Gaudino WS Fellowship Leads to Senior Thesis on Refugees in Berlin

Embracing ‘moments of confusion and discomfort’

Of her 2017 Winter Study Gaudino Fellowship in Berlin, Juliet Kelso ’18—who this spring completed her thesis under the guidance of former Gaudino Scholar Professor Robert Jackall—wrote, “Thanks to the Gaudino Fellowship, I was able to carry out a project in January examining the ways that people who work with refugees describe and represent the refugee experience, as well as the ways they and others living in Berlin consider and interact with refugees in daily life. The core site for this project was a Notunterkunft (emergency shelter) in the Lichtenberg neighborhood of Berlin. I helped out weekly at Reinigung Gesellschaft organization’s ‘Atelier Global,’ a volunteer-run open art workshop for children as well as adults living in the shelter. I also volunteered twice a week at Kreuzberg Hilft, a neighborhood organization that collects and sorts donations and sends specific items to shelters so they can distribute exactly what they need. Otherwise, I visited exhibits, attended community information sessions, conducted interviews, and read news articles on the topic—noting observations both on site and in the city as I conducted the project every day.”

Juliet Kelso ’18 studied depictions of the refugee experience in Berlin on a Gaudino Fellowship.

Although the initial goal of the project was to “examine how others describe and represent refugees,” Kelso says she also came to question her own assumptions and expectations, “the ideas I take for granted that stem out of my own upbringing and education,” an experience she connects with Gaudino’s pedagogical legacy.

“The Gaudino Fellowship also helped me decide upon a senior thesis project,” Kelso says. Her thesis research focused on multiple art workshops in Berlin providing aid to refugees, examining the philosophical lenses through which the organizations approach their missions. As she started her senior thesis project, Kelso noted that she hoped to do so “in a way that embraces moments of confusion and discomfort, as well as moments of closeness and familiarity,” an approach that deliberately echoed Gaudino’s theory of uncomfortable learning. Having now come to the end of that project, Kelso says such learning was an essential part of its success.

“I chose not to write about refugees themselves,” she says. “If I were to do more with it I would address that. It’s the heart of what’s going on. But the scope was to examine these workshops themselves. But I do get a lot of questions about, why not? A lot of people are more interested in reading about that. There’s the discomfort on the level of, ‘Am I doing this in the right way?’ And also kind of pushing back on people who know a lot more than me.
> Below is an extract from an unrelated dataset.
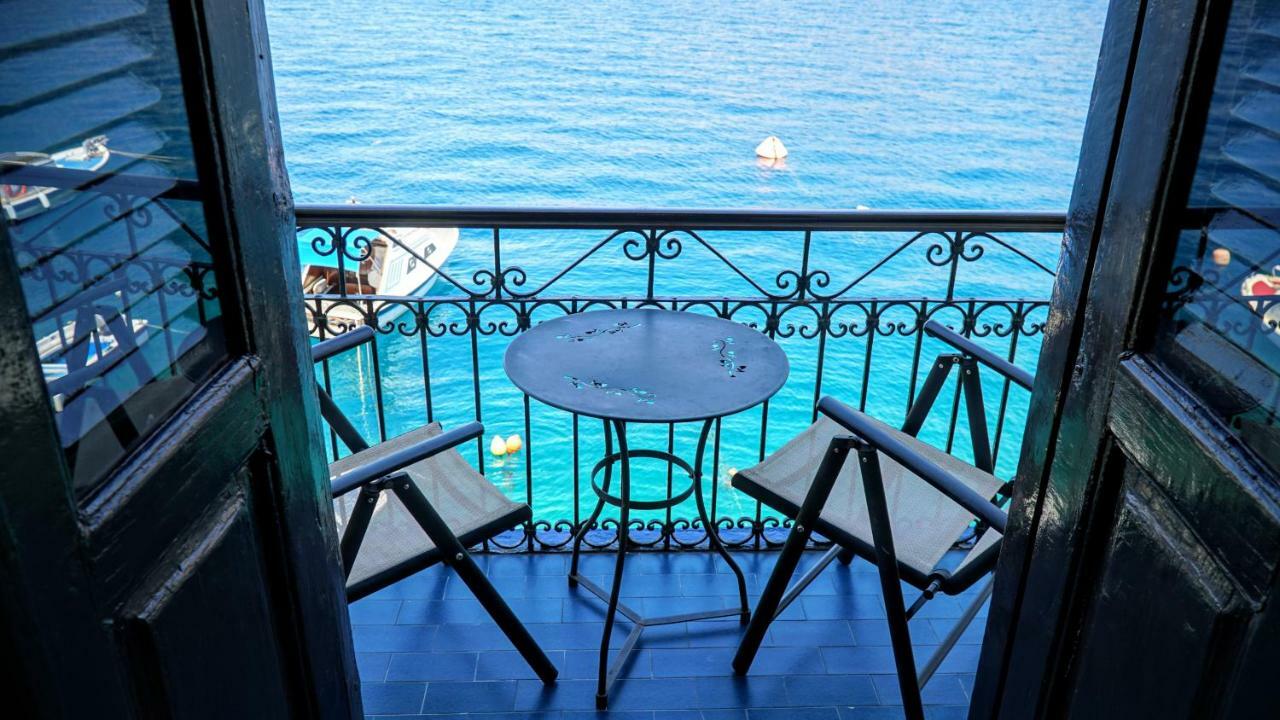 Moschos Mansion Villa Sými Luaran gambar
It’s like, ‘I know you want to read about this, but I don’t think that is the heart of this project.’”

Another way Gaudino’s ideas guided Kelso’s approach was in the way she approached her subjects. She says that to really get to know them as people, she sometimes had to resist the conventional academic habit of maintaining intellectual distance.

“Sometimes by sitting around and writing a lot and analyzing and critiquing—which is very important in many ways, I’m a college student, obviously I do believe in that—but you can lose some of the human elements to learning about a place,” she says. “Sometimes it feels wrong to not be doing intellectual analysis at every moment. But sometimes [not doing so] is the heart of the project. Sometimes that’s the exact work.”

Next year, Kelso will be teaching on a Fulbright Fellowship in Germany. There, she says, she’ll have the opportunity to “further challenge these questions that Gaudino helped me start asking, which are, what can I gain in an academic framework, but also, what kinds of things do I think are missing there that can be found in moments of individual connection, in casual conversation, and in collaboration? In moments of sharing that give rise to new questions and ideas.”